Ketika Menjelang Senja

Perempuan tua itu telah duduk lama didepan pohon beringin yang rapuh. Ia sabar tertunduk disitu menatap sisa gedung sekolah didepannya. Gedung sekolah itu hanya tersisa puing puing dinding tanpa genteng, pintu yang hanya kerangkanya saja dan halaman yang tak terurus. Sudah 2bulan gedung itu suram tak lagi ada yang perduli. entah kemana pengurusnya. akibat kebakaran lalu setidaknya 3 anak meninggal terjebak dilalap api. sejak itu pemilik sekolah memutuskan menutup sekolah entah sampai kapan. Perempuan tua itu tak pernah menyerah menunggu anak perempuan satu satunya, harta peninggalan suami tercintanya.

"Bu.. mirah berangkat sekolah! doakan mirah berhasil ya bu.. ujian hari ini!" terakhir kali wajah dan suara mirah ketika berpamitan hendak berangkat sekolah. Perempuan itu hendak mencegah anaknya sekolah, entah ini firasat seorang ibu atau apa. hari itu ia tidak rela membiarkan mirah berangkat sekolah. Masih terbayang pagi itu Mirah minta disuapin hanya gara gara ia hampir terlambat. Wajahnya yang berkerut karena hujan dan panas yang tak pernah henti menyembah dipelupuk mata. terlihat wajahnya kusam, badanya yang kurus. tapi sepasang matanya masih tajam, masih ada mimpi disitu.

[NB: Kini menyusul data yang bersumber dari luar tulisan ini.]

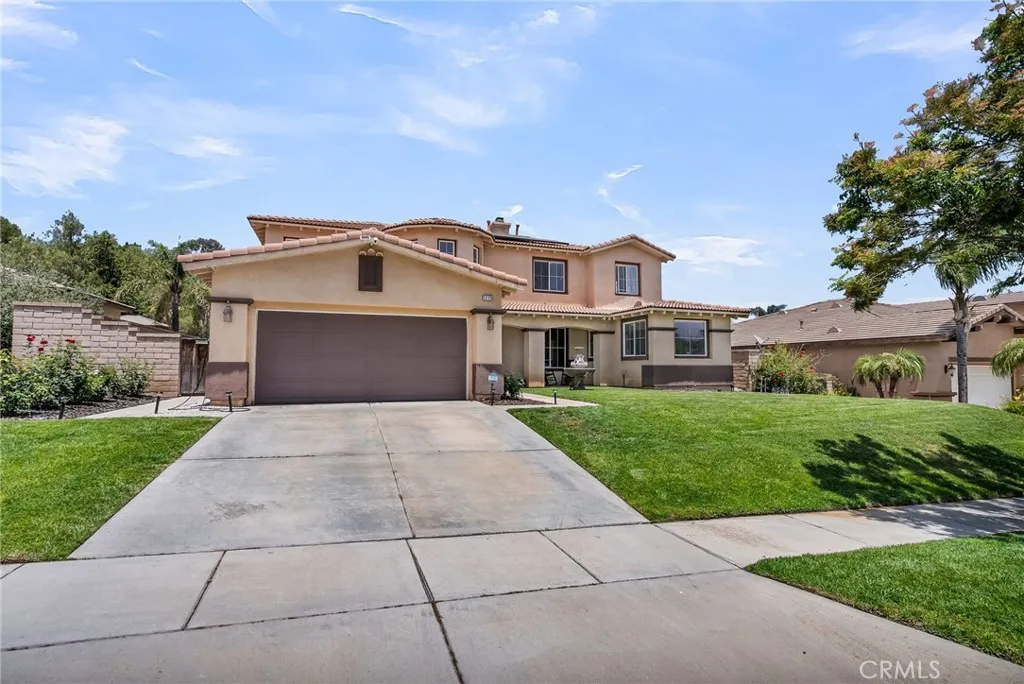 1775 Honors Lane, Corona, California 92883 home-pic-1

"Mirah ibumu masih disini menunggumu keluar gerbang sekolah!" bisiknya pelan pada daun kering disebelahnya. Tapi mirah tak pernah lagi menampakkan senyum pada ibunya. Perempuan tua yang rapuh itu masih sekokoh pohon disebelahnya, ia masih berharap setinggi langit bahwa anaknya bakal berlari kepelukannya seperti biasanya. Merengek minta sarapan dipagi hari, menina bobokan ketika mimpi sudah menunggu dilelap tidurnya. Perempuan itu tidak rela sebatang kara. Sesekali ia tersenyum ketika menatap gerbang sekolah. Entah apa yang dilihatnya. Perempuan itu telah lama ditinggal pergi suaminya. Batinnya tak siap menerima bertubi tubi rasa kehilangan. "Mirah... ibu masih membendung air mata agar kau segera pulang nak! Ibu tau kau tak suka jika pipi ibu basah! mirah.. nasi dirumah sudah lama basi, tempat tidur kita sudah lama berdebu!" perempuan itu terus saja menimang mimpi dipangkuannya.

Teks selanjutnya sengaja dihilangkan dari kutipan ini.